▶ **TRY IT**:
Exactly the lines from the one holding "During this early" through the last line of the listing below must appear in the answer, and no pictures.

▶ **GIVEN DATA**:
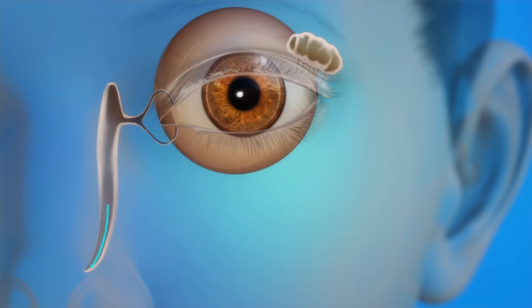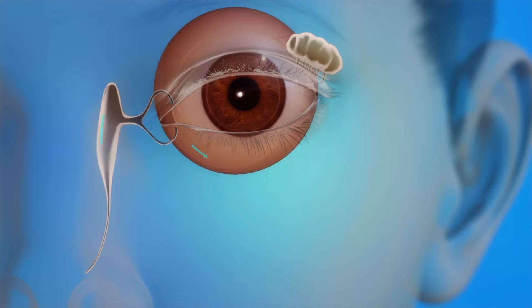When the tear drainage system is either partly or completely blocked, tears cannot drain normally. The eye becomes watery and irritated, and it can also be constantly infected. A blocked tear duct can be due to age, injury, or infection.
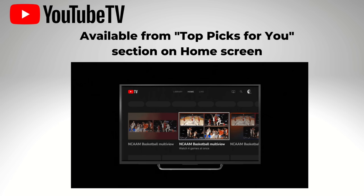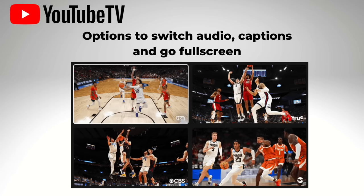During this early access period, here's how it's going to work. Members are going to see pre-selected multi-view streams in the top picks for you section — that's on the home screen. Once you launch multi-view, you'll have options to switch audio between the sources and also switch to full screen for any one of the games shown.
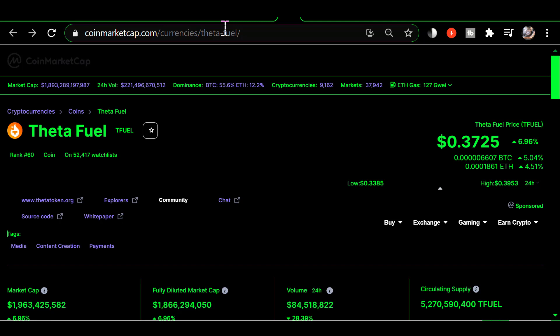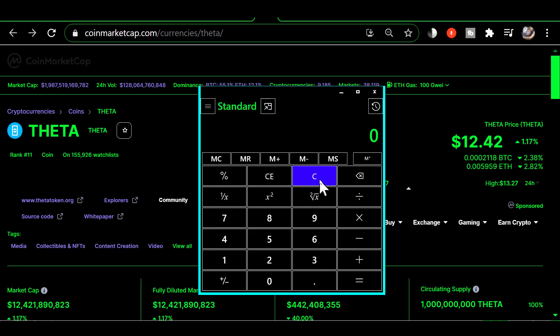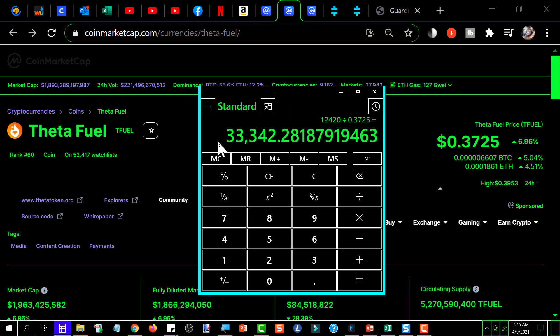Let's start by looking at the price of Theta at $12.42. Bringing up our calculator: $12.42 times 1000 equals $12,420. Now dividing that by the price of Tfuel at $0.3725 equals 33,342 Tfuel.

▶ **REPLY TO THE TASK**:
During this early access period, here's how it's going to work. Members are going to see pre-selected multi-view streams in the top picks for you section — that's on the home screen. Once you launch multi-view, you'll have options to switch audio between the sources and also switch to full screen for any one of the games shown.
Let's start by looking at the price of Theta at $12.42. Bringing up our calculator: $12.42 times 1000 equals $12,420. Now dividing that by the price of Tfuel at $0.3725 equals 33,342 Tfuel.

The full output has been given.